Tomorrow is the New Year's Eve, when we ring out the old Year and then, on the stroke of midnight, begin to ring in the new.
In England, the ringing for the death of the Old Year is done with leather pads (muffles) tied to one side of the clappers of the bells (the clappers are the waggly drumstick-like things that strike the sides of the bell to make the noise). This means that alternate dongs of the bell sound muffled and echoing. It's the way bells in England are rung as a sign of mourning.
Just before midnight, some brave souls will climb up to the dark and chilly bell chamber, climb over the bell frame, and take off the muffles. (And if you're wondering what's so brave about that, the bells, the largest of which may weigh more than a ton, are balanced most precariously with their mouths facing upwards:
one incautious step and you're likely to get clobbered by a ton of falling metal.)
Once the muffles are taken off then the New Year can be rung in with celebratory style. If you can hear them for all the fireworks.
Anyway, ringing.
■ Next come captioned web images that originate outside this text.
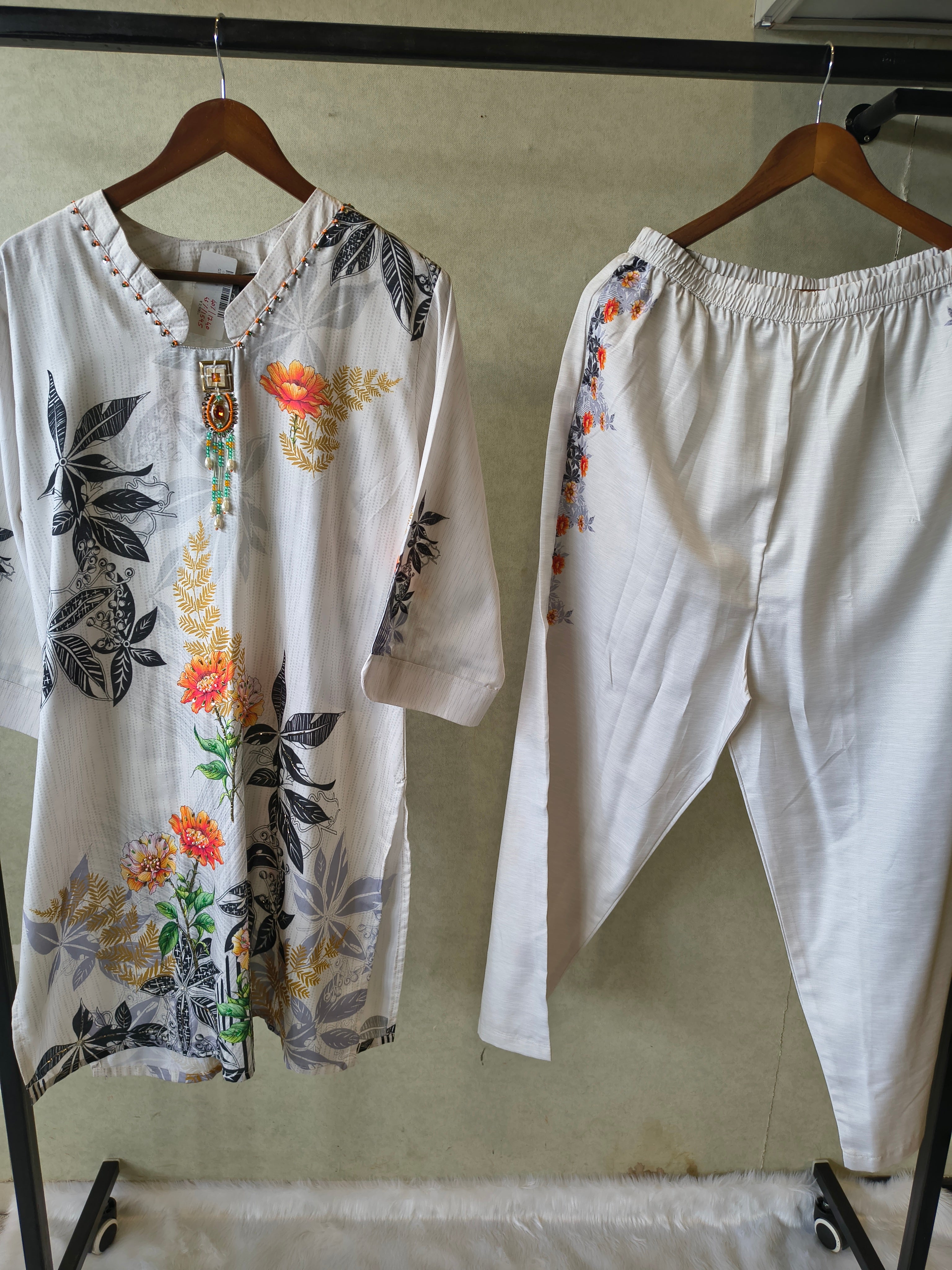 Image of Premium Ivory Botanical Printed Kurta Set with Designer Pendant Neckline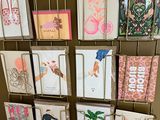 many greeting cards on a rack on the wall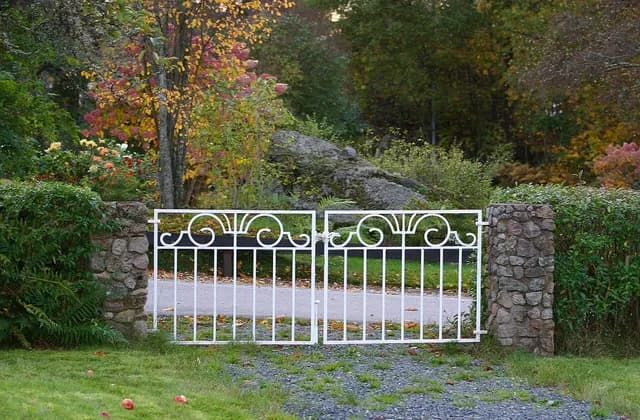 White metal garden gate between stone posts in Klavreström, Sweden, photographed in October 2006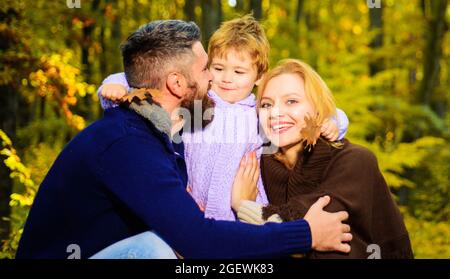 Mutter, Vater und Sohn auf Herbstspaziergang im Park. Frohe Familie. Eltern und Kind entspannen sich gemeinsam an sonnigen Tagen. Stockfoto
This is easy to do, even without a bell, whether you ring a friend or a relative on the telephone or walk in a circle round a tree.
If those sound dull then you can ring the changes (another bell-ringing expression, like ringing in the New Year) by doing something, anything, unusual.
Yes, why not ring down the curtain (a theatrical expression) on your usual way of doing things. Walk the other way home. Try that food you've never fancied. Read some Vietnamese fairy stories (highly recommended).
Above all, take a ringside seat and get ready to enjoy the spectacle and adventure of what is sure to be an astonishing New Year.
Thing To Do Today: ring. This word comes from the Old English hringan, which is probably an imitation of the sound it makes.